During November and December 2012, Inex completed the works subject to Works Order No.8 and the contractor had not released a further tranche of work. It was expected that the next tranche of work under Works Order No.9 would be issued in January 2013.
This meant that there was, at least temporarily, no work available for Inex’s employees. The employees were temporarily laid off under the terms of their employment contracts.
In January 2013, the contractor engaged a new company to carry out the work and the sub-contractor contended that this amounted to a service provision change under reg.3(1)(b) of TUPE because the employees were an organised grouping whose principal purpose was carrying out work for the contractor.
Employment tribunal decision
The employment tribunal found that, notwithstanding the fact there had been a service provision change, the employees could not be classed as an “organised grouping of employees” because their activities had ceased prior to January.
The sub-contractor asserted that laying off employees in line with their contracts of employment did not prevent the operation of TUPE and that the employees’ employment would have transferred under TUPE to the new sub-contractor.
On appeal, the EAT determined that TUPE does not require the organised grouping of employees to be engaged with the relevant activities immediately before the transfer.
In coming to its decision, the EAT took into account that the cessation of work was temporary and this was evidenced by correspondence from Inex to the employees.
The EAT also considered the purpose of TUPE, in particular protecting continuity of employment, and asserted that there would be widespread ramifications if every time a group of employees were laid off, it lost its cohesion as an organised grouping.
The EAT stressed that every case will be dependent on its own facts. However, the EAT suggested that the purpose, nature and length of the cessation of work will be relevant in determining whether or not an organised grouping continues in existence.

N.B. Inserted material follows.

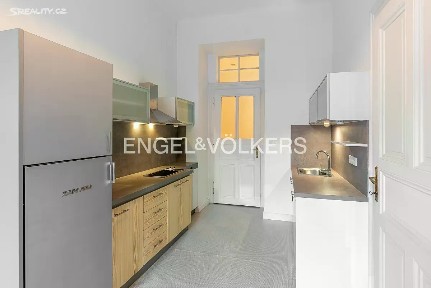 Pronájem bytu 1+1 35 m² Plzeňská, Praha - Smíchov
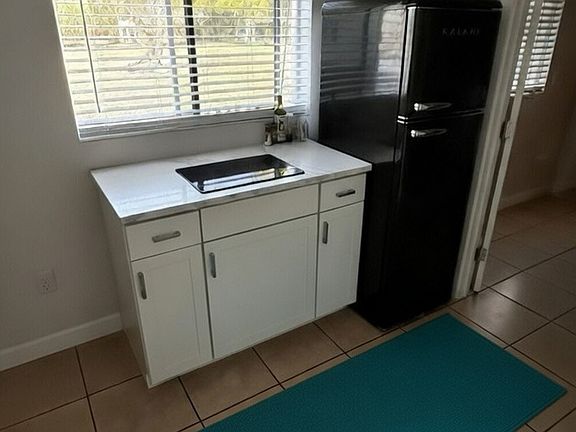 2nd image of 8148 Country Rd Unit 105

Implications for employers
Employers who carry out their activities through sub-contractors should be aware that a change of sub-contractor will not necessarily result in a change of the group of individuals who ultimately perform the work, even if there has been a cessation of the work ordinarily provided to them.
Where an employer engages a new sub-contractor, the employment contracts of those employed by the previous sub-contractor may transfer by operation of TUPE.